GhandhiI am probably not the person who should be writing this blog concerning Isis. I find that my opinion about Isis does not come from a long debated or informed study of the issues, but rather I am more reactive than I am responsive. My reactions are just that: A reaction to the latest threat or news of Isis and their evil being carried out on the innocents of the world.

In addition to that, my reactions run from the peaceful, informed words of a Jimmy Carter to the wildly uninformed male bravado of a Donald Trump. At one moment I want to do all for peace and understanding. And then I want to bomb the hell out of them. I think there are more of us feeling this confusion than we want to let on. So what do we do when our feelings run so deep and so far afield of what should be a more proper response to this most difficult and threatening evil?

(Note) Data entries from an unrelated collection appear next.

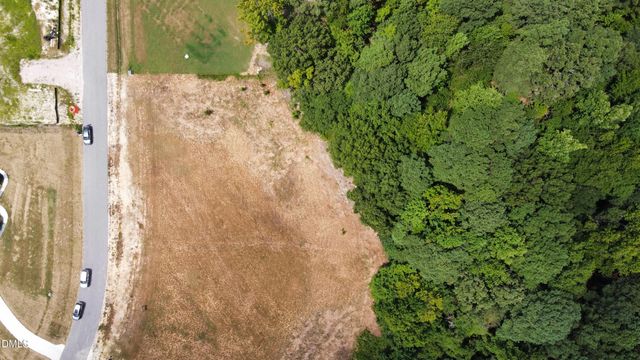 3808 Peaceful Creek Trail, Zebulon, NC 27597
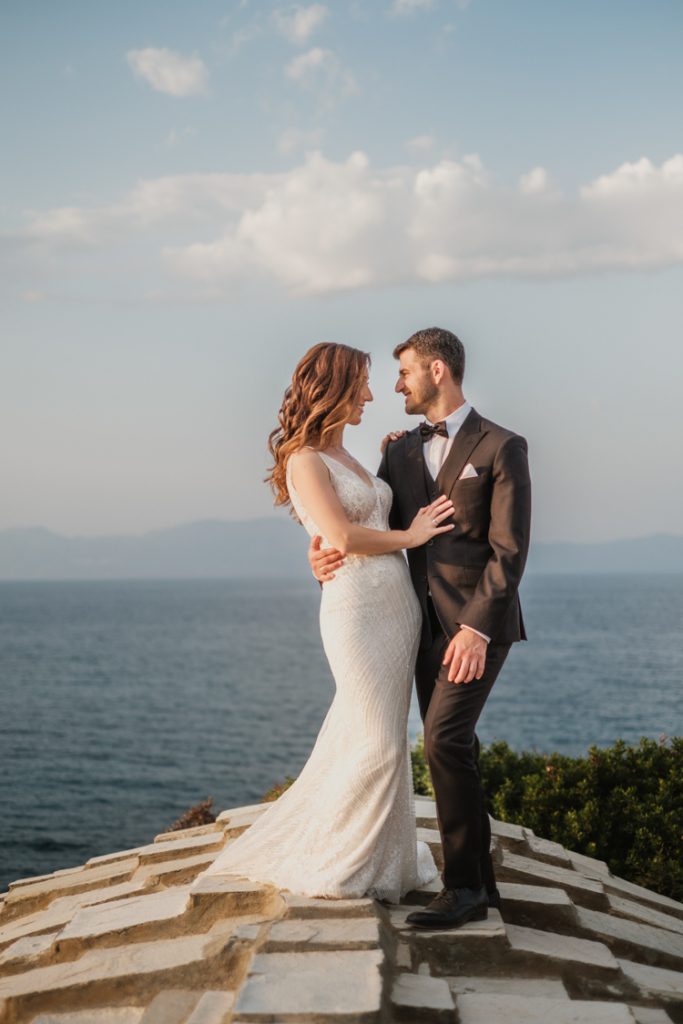 Greek Australian Day After Session at Kythera 6870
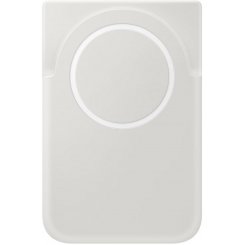 Powerbank Samsung Magnet Wireless 5000mAh 20W (EB-U2500XJEGWW) Grey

I think there are three questions that need to be asked and answered.

ONE: I think the first question is a Faith question that needs to be answered by the leaders of the world’s religions. My suggestion would be something like a Vatican III, where the Pope gathers all the Faith leaders to a summit to discuss what should be the religious response to the evil that is being wrought upon the innocents of the world by these so-called religious zealots.

TWO: I think the second question is a political question where all the political leaders of the world, including those in question, gather to discuss and debate a political and/or military solution to the evil of Isis. We simply must come to some kind of consensus about how we are going to proceed with this battle.

THREE: The third question is much more personal and involves you and me. If we are honest with ourselves we know that within the human heart lingers the real possibility of evil but can become cultivated into a darkened evil in which genocide of people different from us becomes a real possibility, even something we understand as good.

So, that means we all need to look within and start becoming a Christian in deed, not just words alone, a Christian who reaches out to uplift the world and not just a bumper sticker Christian. It is time we all put ourselves to the old Gandhi test. Remember the story: Gandhi stayed with a Christian for six months to see if he wanted to become a Christian. Unfortunately after that six months he stayed a Hindu because he didn’t see anything attractive about being Christian. We all need to start living in such a way that others will want to become Christian people – they will know we are Christians by our love.

Seeing Gandhi live, the Christian missionary E. Stanley Jones asked him: “Mr Gandhi, though you quote the words of Christ often, why is it that you appear to so adamantly reject becoming his follower (Christian)”? The latter’s reply was clear: “Oh, I don’t reject your Christ. I love your Christ. It is just that so many of you Christians are so unlike your Christ”.

So we need to put away the bumper stickers and start living as people filled with the love of Christ. Whatever the answer is at least part of it from our perspective must be our living out this part of the Prayer… “Thy Kingdom come on earth as it is in heaven.”